Caso a proposta seja aprovada e sancionada, empresas, organizadores de eventos, blocos de carnaval, camarotes e pessoas físicas identificadas que descumprirem as regras poderão ser multados. Em caso de reincidência, o valor da penalidade será dobrado, chegando a R$ 9 mil.
Para ser aprovado em primeiro turno, o texto precisa do voto favorável da maioria dos vereadores presentes em plenário.
Projeto prevê campanhas, canais de denúncia e multas
Entre as diretrizes do programa estão a realização de campanhas educativas para promover o respeito à fé cristã, a criação de canais de denúncia para casos de cristofobia e o incentivo a eventos inter-religiosos voltados ao diálogo entre diferentes crenças.

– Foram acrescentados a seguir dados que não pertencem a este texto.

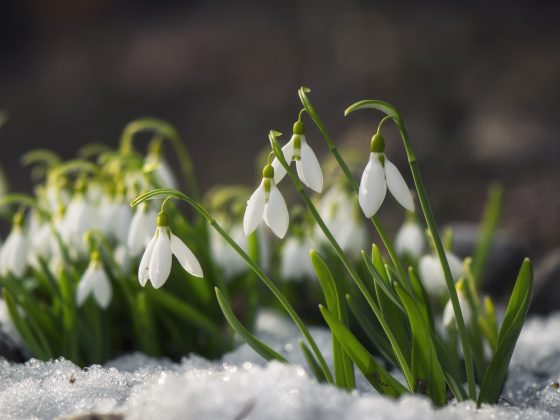 sneeuwklokjes met sneeuw in de tuin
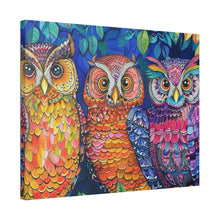 Load image into Gallery viewer, Colorful Owls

O projeto também autoriza a Prefeitura de Belo Horizonte a criar um banco de dados para registrar casos de cristofobia, além de desenvolver estudos e pesquisas sobre o tema e promover ações específicas de proteção aos cristãos.
O texto estabelece ainda que fica proibido o ataque, “de forma direta ou indireta, implícita ou explícita, de forma verbal, escrita ou física”, aos símbolos religiosos cristãos no município.

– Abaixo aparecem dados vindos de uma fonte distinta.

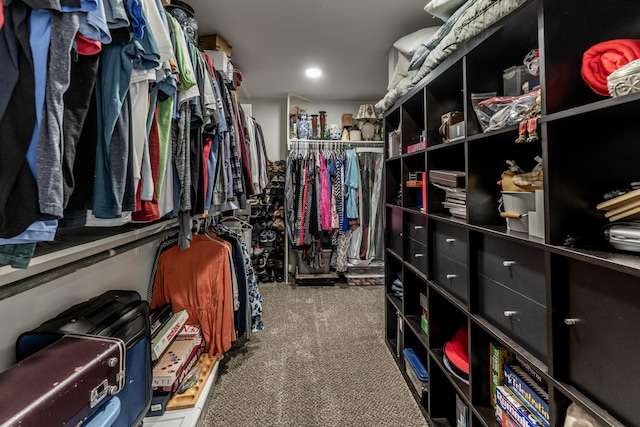 spacious closet featuring carpet floors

Autor diz que proposta busca garantir liberdade religiosa
Na justificativa do projeto, Irlan Melo afirma que a cristofobia representa uma ameaça à liberdade religiosa e aos direitos fundamentais.
Segundo o vereador, a proposta busca proteger indivíduos e comunidades cristãs, promovendo o respeito mútuo, a tolerância e a convivência pacífica entre pessoas de diferentes crenças.
Se o texto for aprovado em primeiro turno, ele retornará às comissões da Câmara para análise das emendas antes de seguir para votação definitiva em segundo turno.